- _YOUR GOAL_
Your task is to print all of the entries exactly, though the pictures should not be included.

^^^^

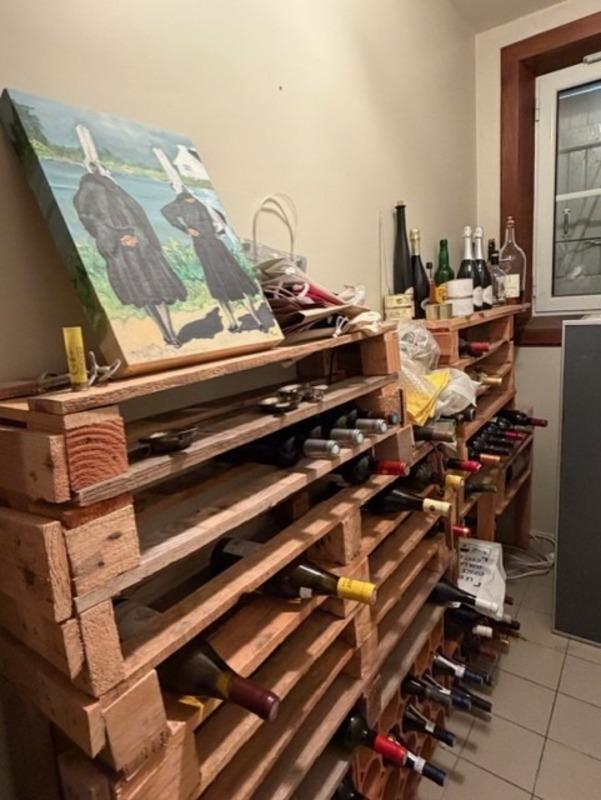 Maison - 161 m² - 6 pièces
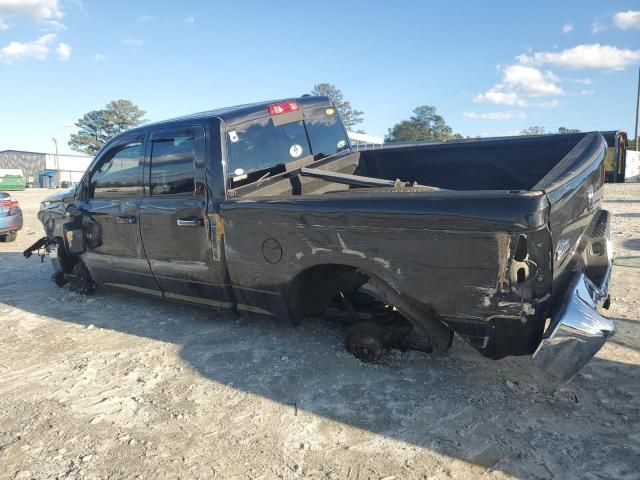 2010 Dodge RAM 1500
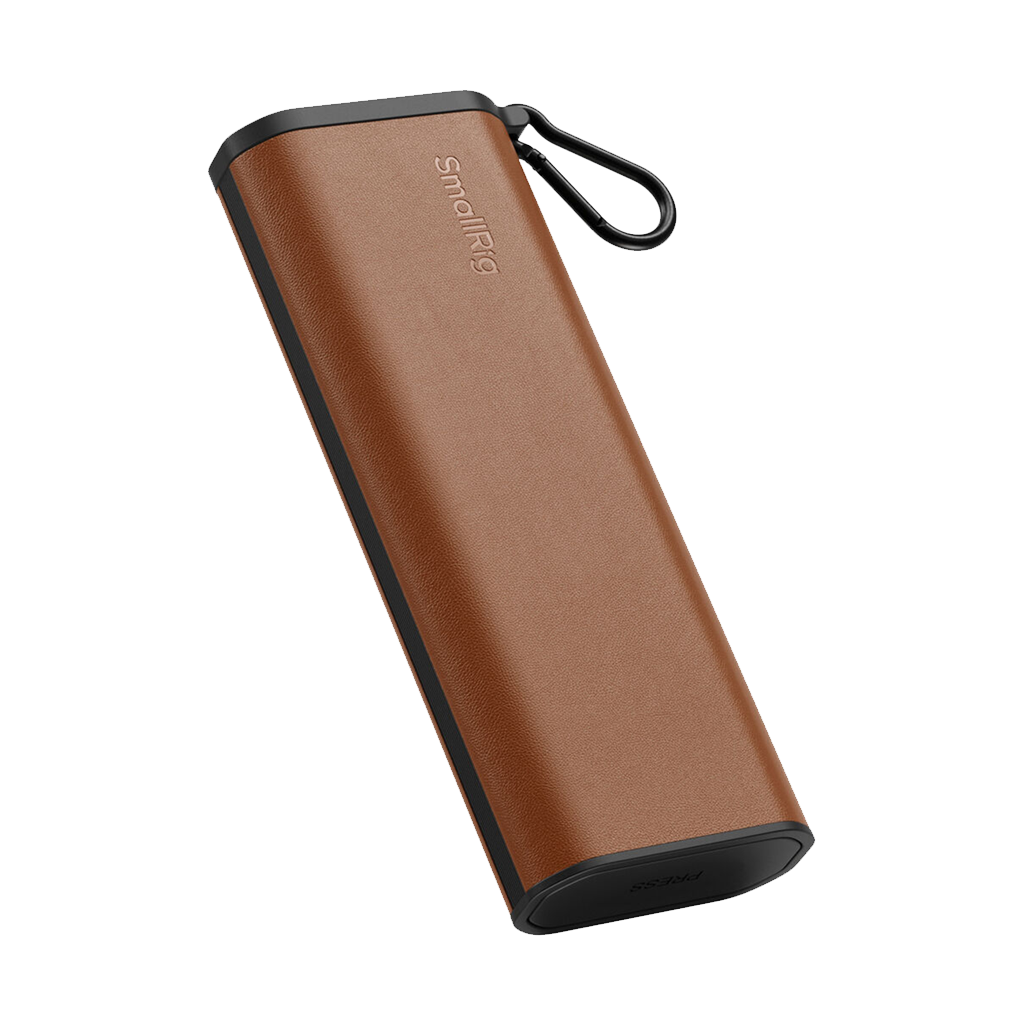 SmallRig CFexpress Type B Multifunctional Card Reader and Storage Case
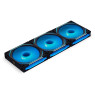 Lian Li UNI Fan SL-Infinity Wireless 120 Black (3-pack + controller) G99.12SLIN1W3B.00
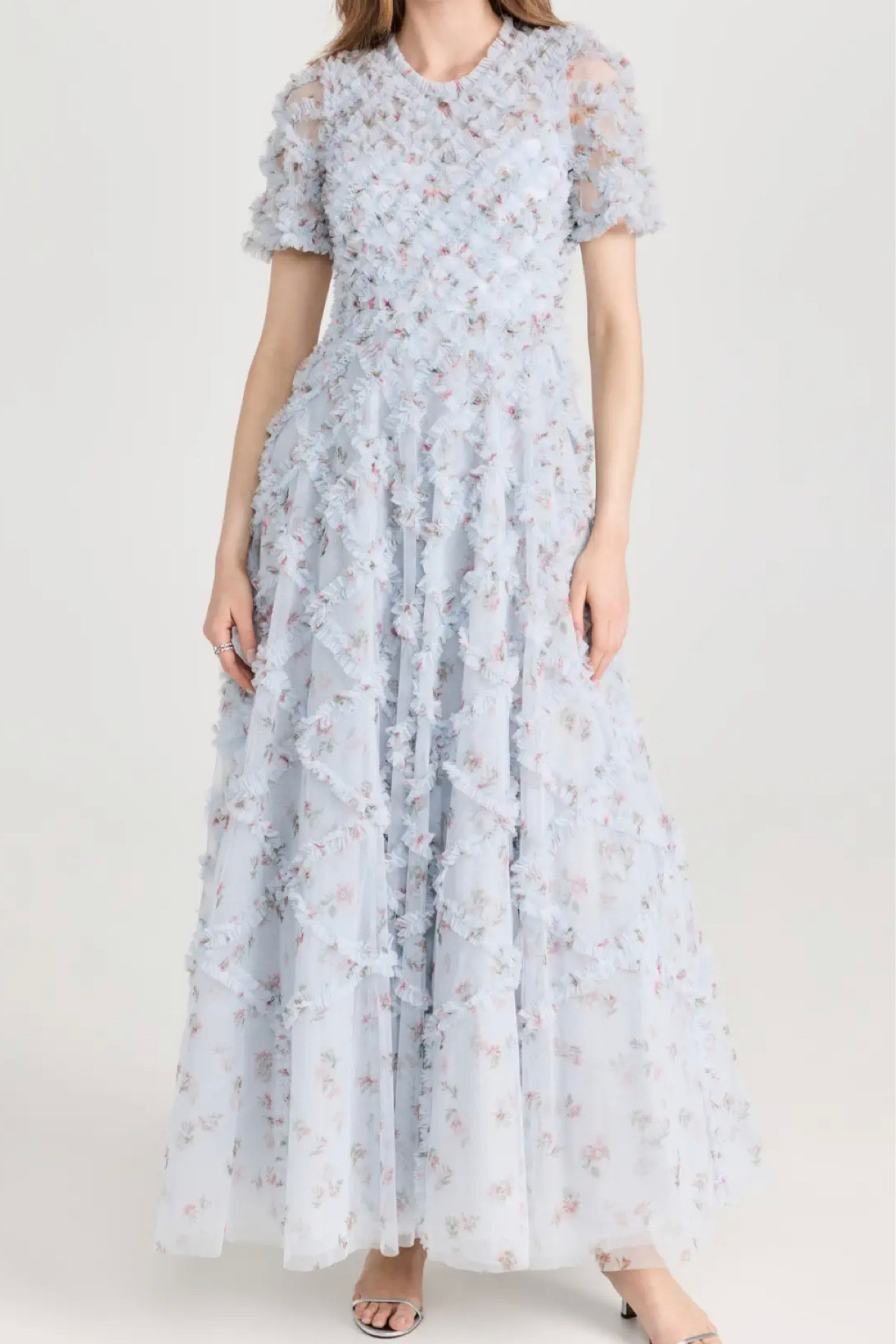 Something blue 💙

#LTKwedding #LTKstyletip #LTKSale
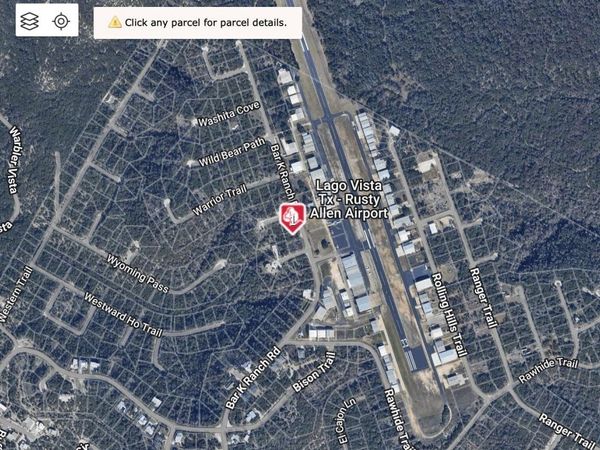 9104 Bar K Ranch RD, Lago Vista, TX 78645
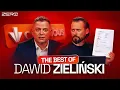 Lagu OLGA MALINKIEWICZ VS DAWID ZIELIŃSKI - ZARZUTY, DŁUGI, TŁUMACZENIA (SKRÓT GODZINY ZERO)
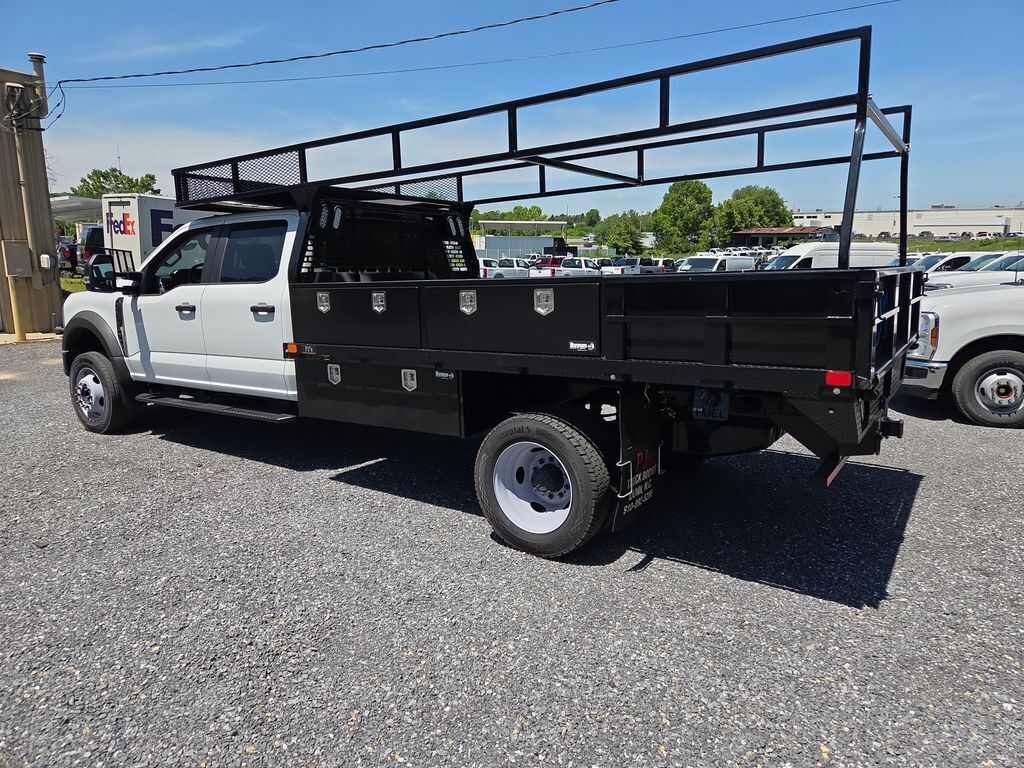 2024 Ford F-450 Chassis XL
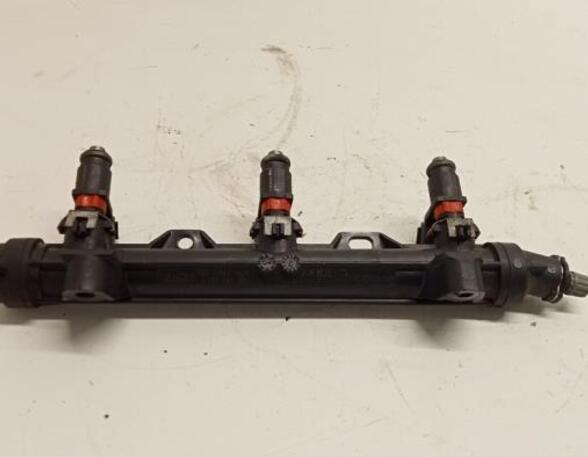 Petrol Fuel Rail SEAT IBIZA III (6L1)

^^^^

- _RESPONSE BELOW_
 Maison - 161 m² - 6 pièces
 2010 Dodge RAM 1500
 SmallRig CFexpress Type B Multifunctional Card Reader and Storage Case
 Lian Li UNI Fan SL-Infinity Wireless 120 Black (3-pack + controller) G99.12SLIN1W3B.00
 Something blue 💙

#LTKwedding #LTKstyletip #LTKSale
 9104 Bar K Ranch RD, Lago Vista, TX 78645
 Lagu OLGA MALINKIEWICZ VS DAWID ZIELIŃSKI - ZARZUTY, DŁUGI, TŁUMACZENIA (SKRÓT GODZINY ZERO)
 2024 Ford F-450 Chassis XL
 Petrol Fuel Rail SEAT IBIZA III (6L1)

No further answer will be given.